--- THE DATA ---

= Beginning of Section =

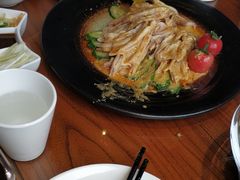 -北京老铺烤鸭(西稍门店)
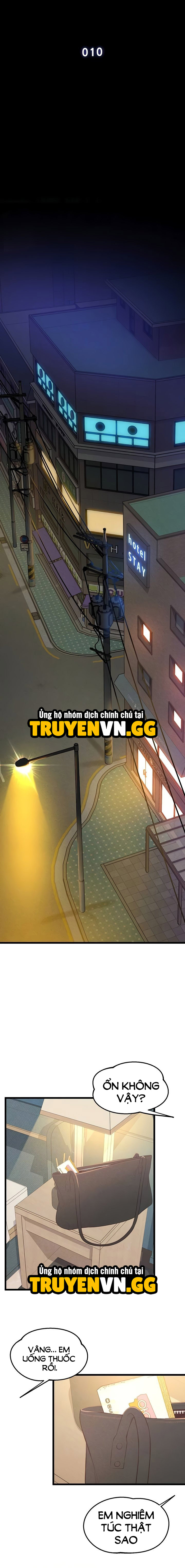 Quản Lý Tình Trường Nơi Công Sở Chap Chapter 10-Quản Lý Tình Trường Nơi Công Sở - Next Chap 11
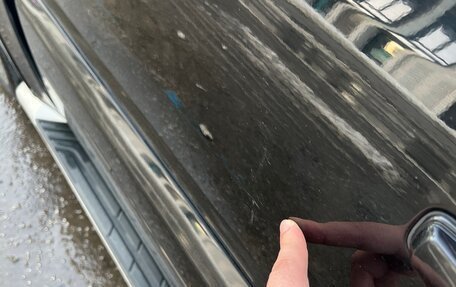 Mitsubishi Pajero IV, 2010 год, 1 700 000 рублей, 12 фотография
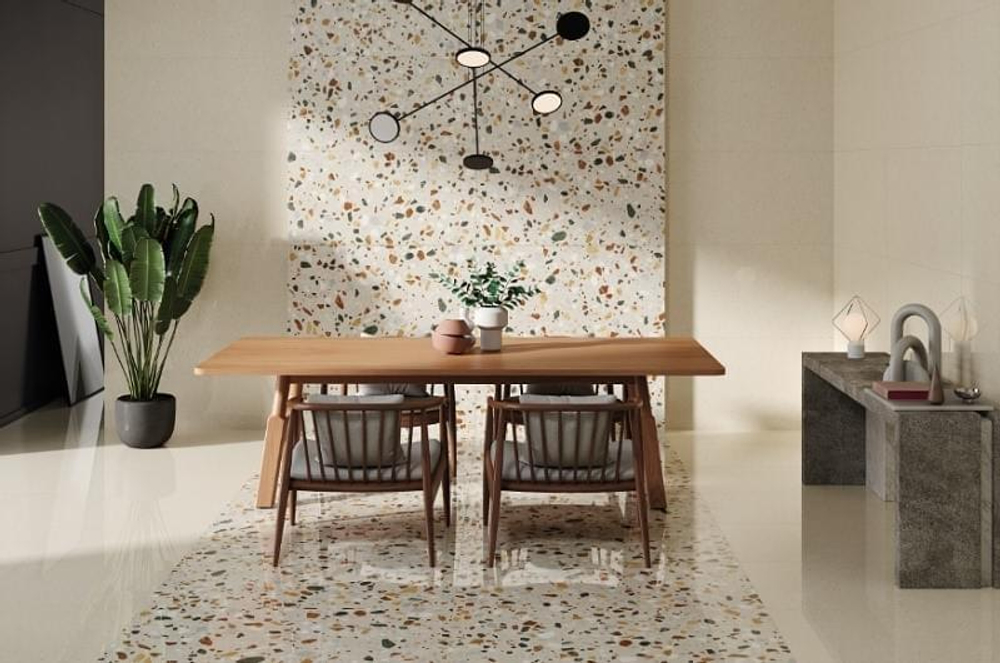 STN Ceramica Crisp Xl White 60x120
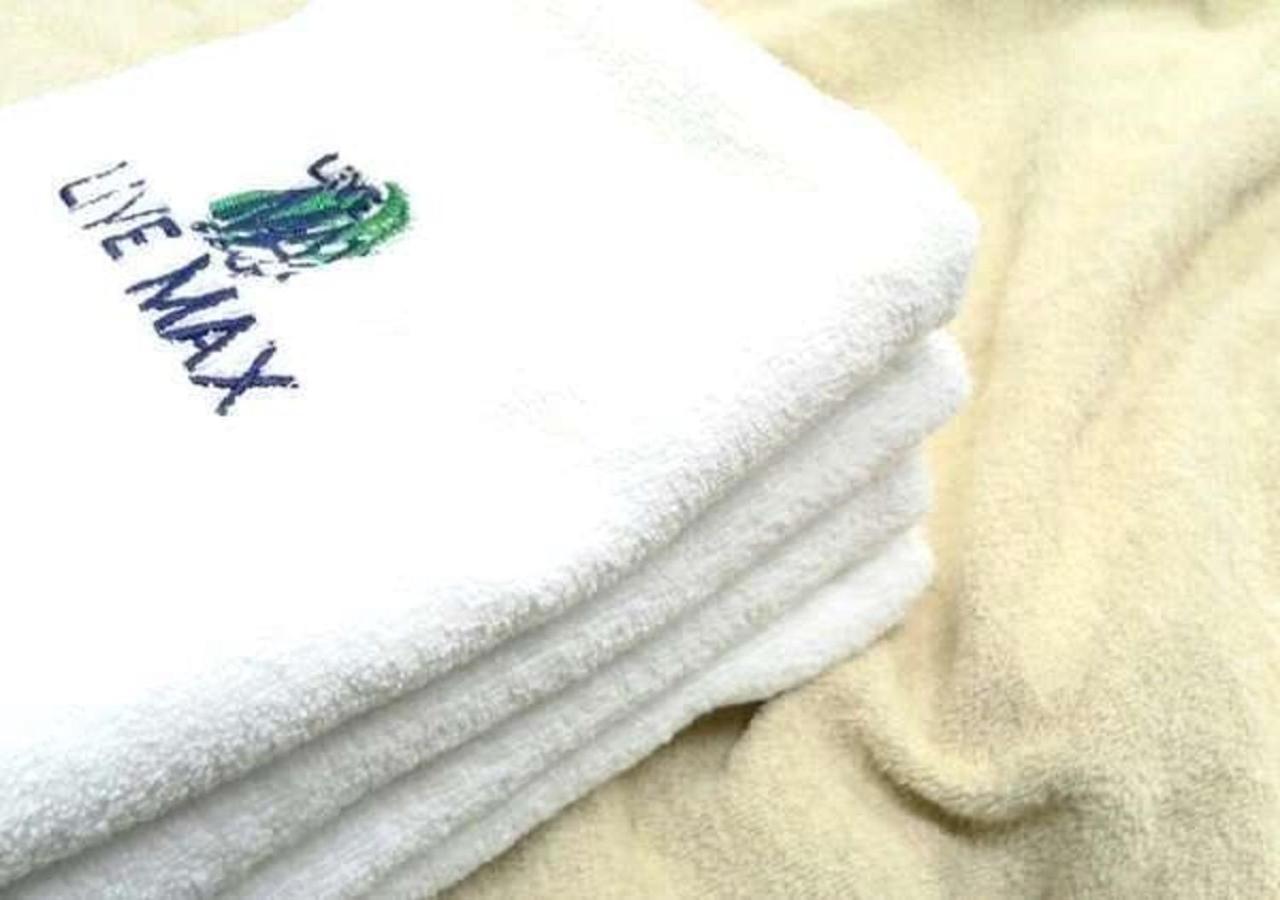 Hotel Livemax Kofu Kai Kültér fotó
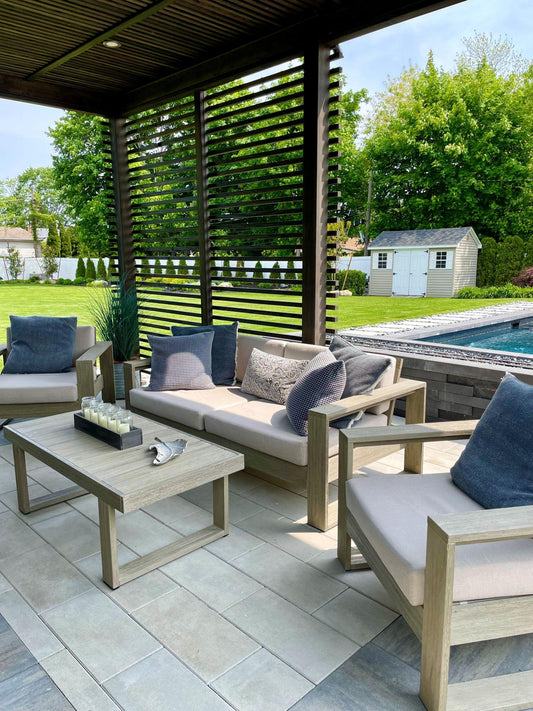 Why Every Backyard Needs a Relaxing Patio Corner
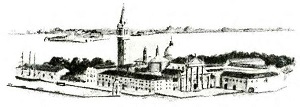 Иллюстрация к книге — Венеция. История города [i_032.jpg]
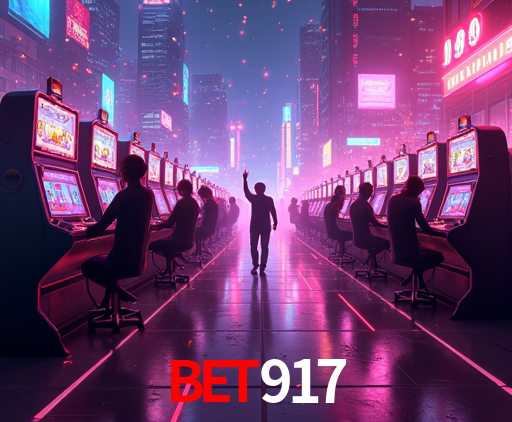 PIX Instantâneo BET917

= End of Section =
= Beginning of Section =

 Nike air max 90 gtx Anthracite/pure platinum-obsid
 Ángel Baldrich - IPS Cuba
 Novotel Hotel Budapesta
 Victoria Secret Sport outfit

= End of Section =

--- EXERCISE DIRECTIONS ---
The required output is every line above from the one with "Nike air max" down to the one with "Victoria Secret Sport outfit", restated word for word, ends included.

--- RESULT OF THE TASK ---
 Nike air max 90 gtx Anthracite/pure platinum-obsid
 Ángel Baldrich - IPS Cuba
 Novotel Hotel Budapesta
 Victoria Secret Sport outfit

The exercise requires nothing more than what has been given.